I arrive at Charles de Gaulle airport feeling washed out, as though, unbeknown to me, a vampire has been feasting on my blood for the duration of our flight.
The usual, interminable queue greets us at passport control. I fail to see the point of designing a doughnut-shaped terminal building, with several passport control points, if at any given time there is only one member of staff on duty, creating a huge bottleneck. Thankfully Tadpole is unusually calm and is not yet begging to be released from the pushchair and its restraining ‘strapons’.
Our British passports are handed back once the officer has given the pushchair a brief, cursory glance, and I heave a sigh of relief, as I have forgotten to bring a copy of her birth certificate. Again. As Tadpole and I don’t share the same surname, and her passport photo dates back to when she was three weeks old (propped up against my white T-shirt because she was unable to support her own head at that point), the officers could be forgiven for wondering if I am trying to smuggle a random infant into the country. They don’t seem to mind though, as she’s a British citizen today. I suspect the situation would be somewhat different if she was travelling as tétard and not Tadpole. I’ve heard ominous mutterings about the need for an official document signed by Tadpole’s father authorising us to leave le territoire français.
Next ordeal: baggage reclaim. We wait. And wait. And wait some more. I get fidgety and text a friend, then lock the keypad so Tadpole can pretend to make some important business calls:
“Allô? Allô, ca va? Grandad? Postman Pat, black cat, early in the morning, when the day ee dawning, Pat feels he’s a really happy man. Bye!”

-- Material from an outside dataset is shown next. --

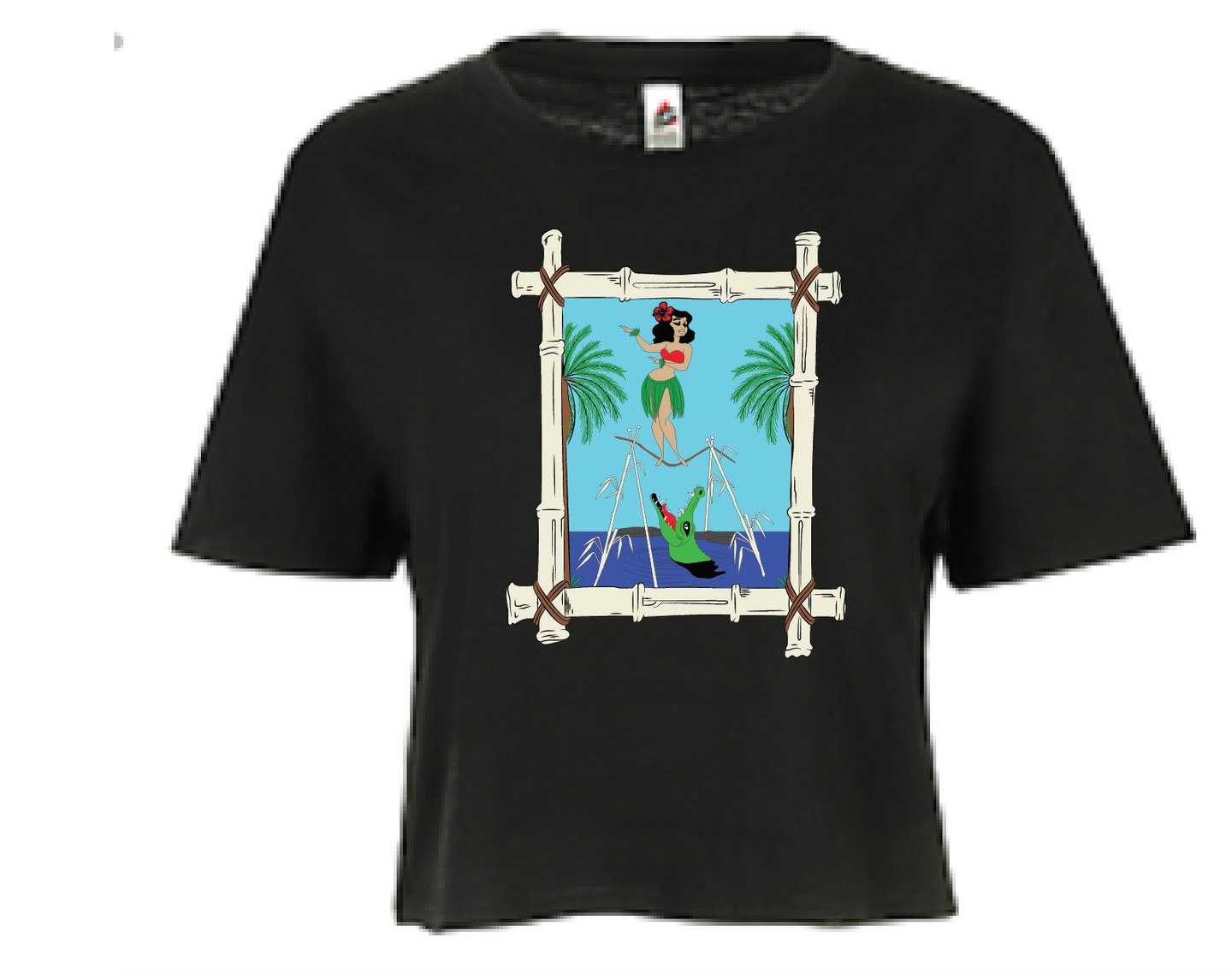 Hula Haunted Mansion Crop Top T-Shirt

I find it impossible to remain calm at baggage reclaim. After only five minutes have elapsed, I am already shaking and having flashbacks to that time when the 60 litre backpack containing all my Christmas presents (plus every pair of shoes I owned) got lost at Amsterdam airport, only to turn up, looking suitably battered and sheepish, approximately one week later. I have not so fond memories of spending several hours painstakingly picking tiny shards of a broken vase out of all my clothing. The last couple of mishaps were far less serious, but sent stress levels soaring all the same. My bag arrived several hours later than I in Madrid, on our recent long weekend away, and Tadpole’s pushchair arrived two whole days late when we went ‘home’ to York for Easter.
Clearly airports and I do not get along.
The little green light starts flashing to signal the imminent arrival of baggage, and I helpfully drag a fat-little-English-Disneyland-Paris-bound-chav* off the conveyor belt, just in the nick of time.
Bags file past. Large ones, small ones, pink Disney ones, suitcases on wheels, holdalls, pushchairs and car seats. No sign of my enormous bag on wheels (which weighed in at an expensive 23 kilos as we are repatriating Tadpole’s early birthday presents). Paranoia sets in. I chew on my lip manically as I scour the crowds for signs of someone wheeling away my suitcase (it happened to a friend recently), and wishing that it had some more distinctive markings on it so that I could identify it reliably from a distance.
“Come on, ” I mutter under my breath, impatiently.
“Come on mummy’s bag, where it is mummy’s bag?” chants Tadpole, gleefully.
And then I spot it, slowly juddering around the conveyor belt in the distance. We are standing well back because I am always worried someone will swing round with an unwieldy suitcase and send Tadpole flying.
“There it is! Look!” I say to Tadpole a little too loudly, overcome as I am with relief. A few heads turn in our direction, but I think nothing of it, at first.
But as the bag approaches, every single person looks my way, one by one, some smirking knowingly, others stifling a giggle. Or laughing out loud. Pointing at my bag.
I am confused. I know it’s a big bag, but that fact alone can’t possibly be the cause of so much amusement. Can it?
The bag is rounding the last curve of the conveyor belt when I suddenly realise what all the fuss is about and start blushing furiously.
There is a cylindrical bulge in the front pocket of my bag. It is vibrating, rather violently, thanks to a set of fresh batteries, purchased only yesterday.
I rue the day my dentist recommended using an electric toothbrush.